**Captioned web image data**
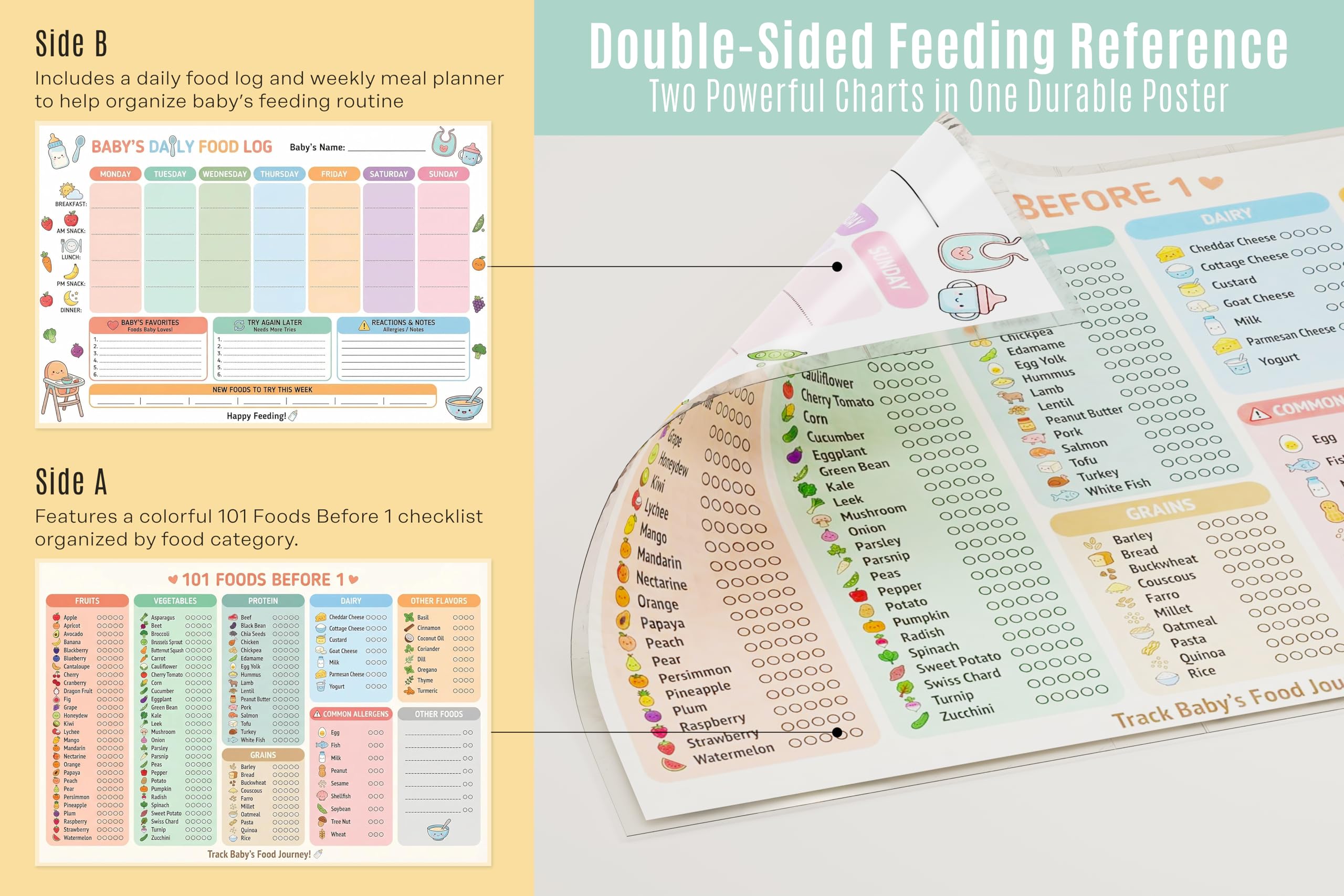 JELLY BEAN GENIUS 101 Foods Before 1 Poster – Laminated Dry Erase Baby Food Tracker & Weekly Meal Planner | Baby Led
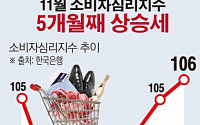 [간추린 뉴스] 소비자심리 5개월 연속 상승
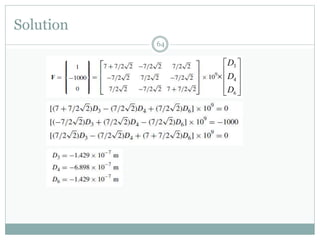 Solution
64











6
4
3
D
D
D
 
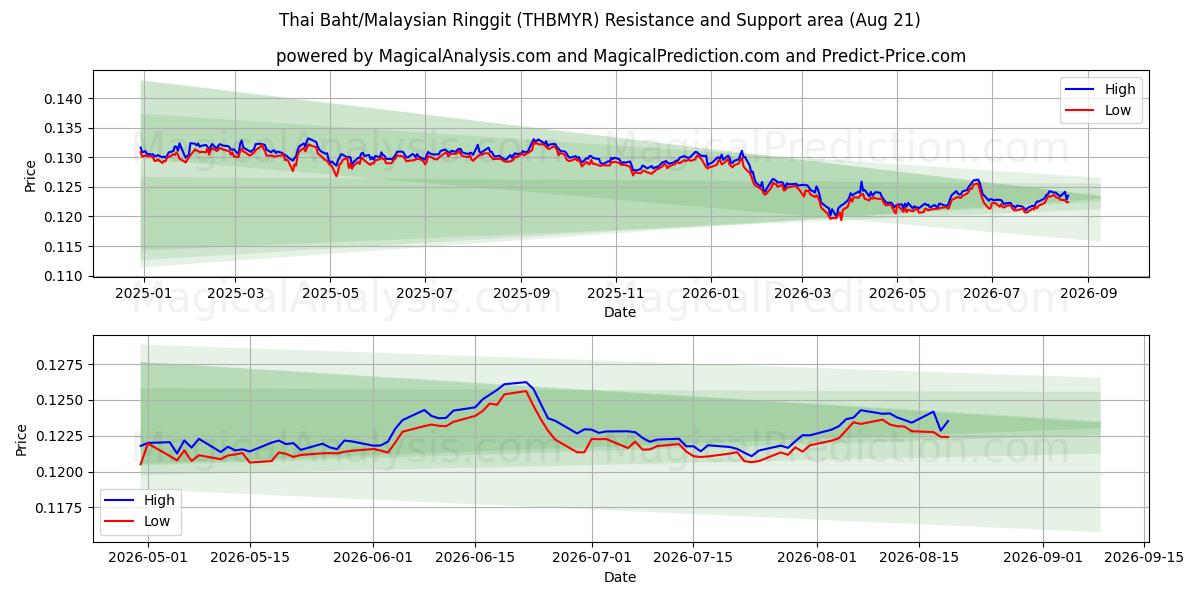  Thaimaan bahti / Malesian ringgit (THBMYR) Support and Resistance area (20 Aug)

**Task requirements**
Exact copy, no pictures: reproduce every entry shown above.

**Completed exercise**
 JELLY BEAN GENIUS 101 Foods Before 1 Poster – Laminated Dry Erase Baby Food Tracker & Weekly Meal Planner | Baby Led
 [간추린 뉴스] 소비자심리 5개월 연속 상승
 Solution
64











6
4
3
D
D
D
 
  Thaimaan bahti / Malesian ringgit (THBMYR) Support and Resistance area (20 Aug)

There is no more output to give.